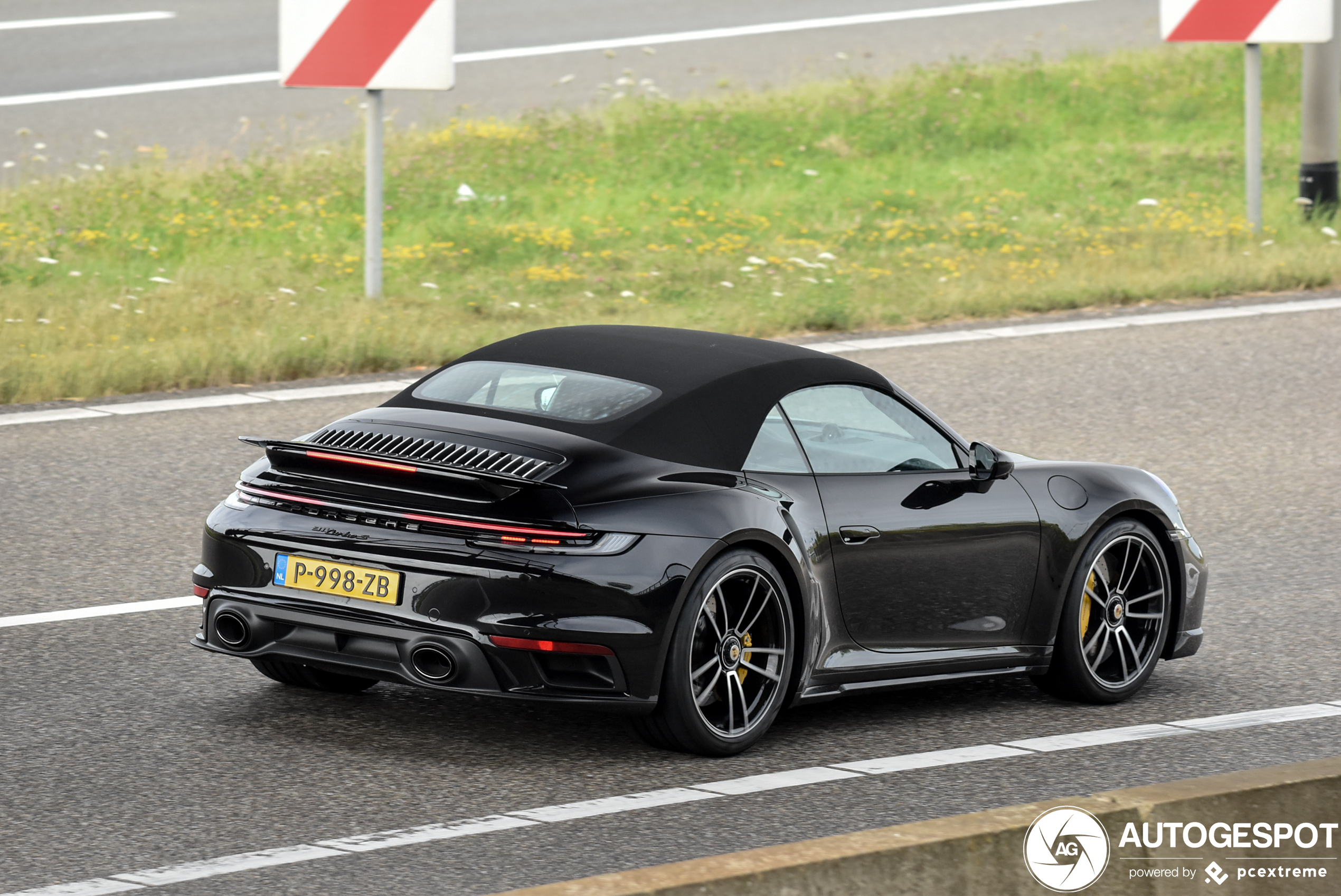 Porsche 992 Turbo S Cabriolet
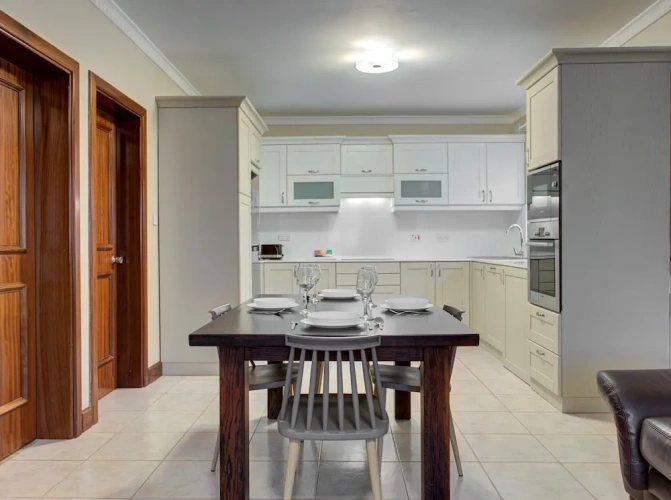 2 Bedrooms Villa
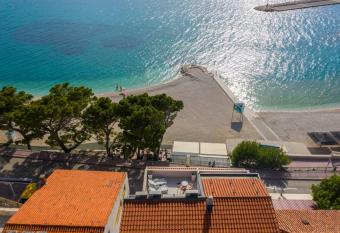 Villa Rozika has Balcony rooms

-*-

Activity — Write the data out again word for word; leave the pictures behind.

Response —
 Porsche 992 Turbo S Cabriolet
 2 Bedrooms Villa
 Villa Rozika has Balcony rooms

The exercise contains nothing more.